Somerton Court is a large historic country house believed to date in part from the 12th Century. It is situated at Lower Somerton on the eastern edge of Somerton, the royal town of ancient Wessex set in some 55 acres of parkland and gardens.
Somerton Court Country House
Although believed to incorporate Roman remains or materials in its foundations, the first known record of Somerton Court dates to an 1176 purchase of land by William de Erleigh. He presumably built a manor house here, and the new holding – later known as the manor of Somerton Erleigh – remained with his decendants and their relations for over 350 years. The manor was a small one, and was used for income and dowries rather than as a family seat.
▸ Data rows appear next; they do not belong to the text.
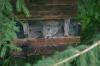 <img100*0:stuff/z/169023/Squirrel.6/i1277239211_14.jpg>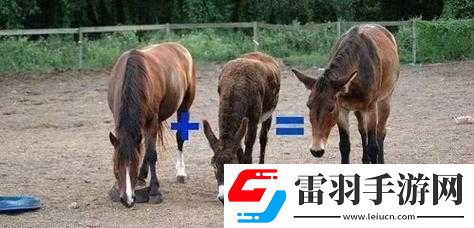 傻大壯長(zhǎng)著驢一樣的東西是什么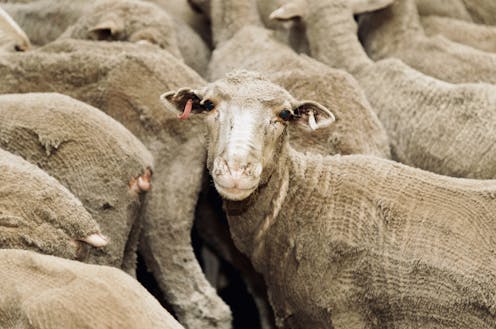 New findings show Australian sheep face dangerous heat stress on export ships
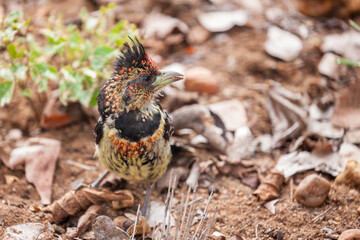 South Africa, Kruger National Park, Crested Barbet (Trachyphonus vaillantii)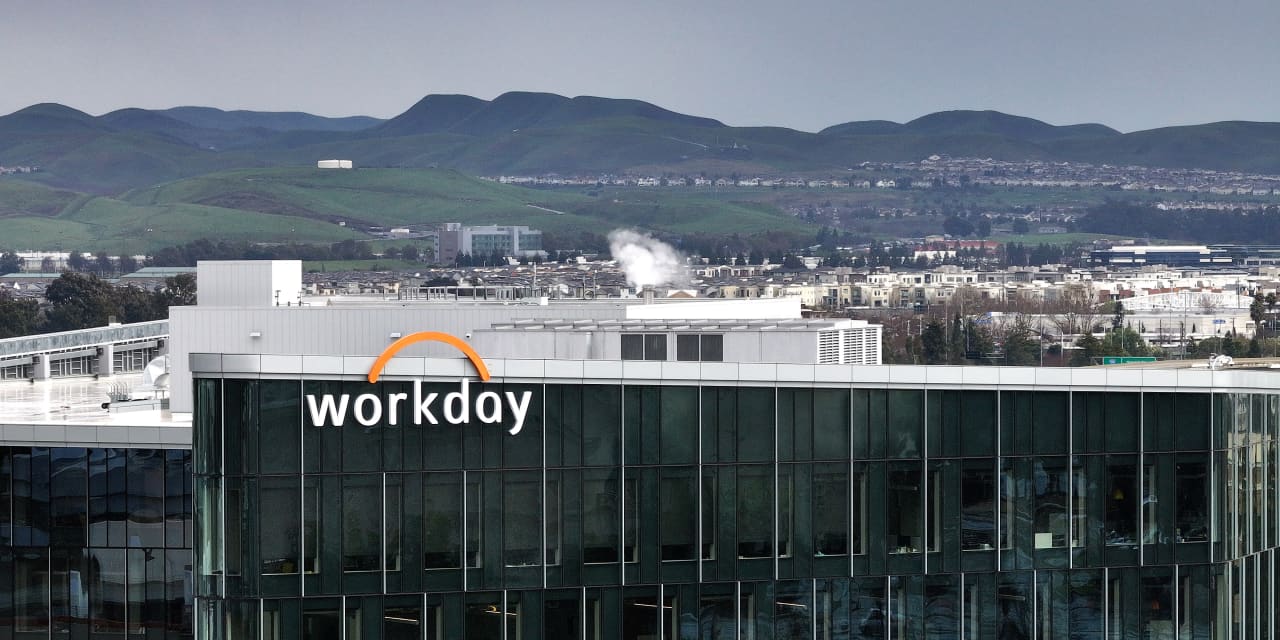 Software Is Beating Chips for Once. It May Not Be a Flash in the Pan.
Most of its owners were rather quiet – other than in the 1400s when the manor was held by a number of people who were either slain or executed during the 100 Years War and the Wars of the Roses. Among these unfortunate owners were Henry le Scrope and James Butler, Earl of Ormond and Wiltshire (both of whom married owners of the manor), who were executed in 1415 and 1461 respectively.
Somerton Court’s most famous owner, however, was undoubtedly Edward IV’s brother, the Duke of Clarence – best remembered for having been drowned in a butt of malmsey in 1478.
The manor house was later owned by Henry Percy, the sixth Earl of Northumberland, who sold the estate in 1530 to pay some of his massive debts. After passing through a number of hands, it was bought in 1597 by James Fisher. (In 1597, another part of the estate – the manor of Somerton Randall was sold to John Still, the Bishop of Bath and Wells. This second house is now known as “Somerton Erleigh”, leading to past confusion as to which house was the manor house.)
The original manor house had not been improved much after its construction in the late 1100s, and Fisher’s son (another James) rebuilt it, marking his work with the date 1641 carved into the porch. It remained with the Fishers until 1808 – again with presumably little in the way of upgrading – when it was sold, renamed “Somerton Court”, and updated with Gothic battlements and turrets in place of the former gabled dormers. It was enlarged in the 19th century by the Hall-Stephenson family and was sold in 1927 and 1970.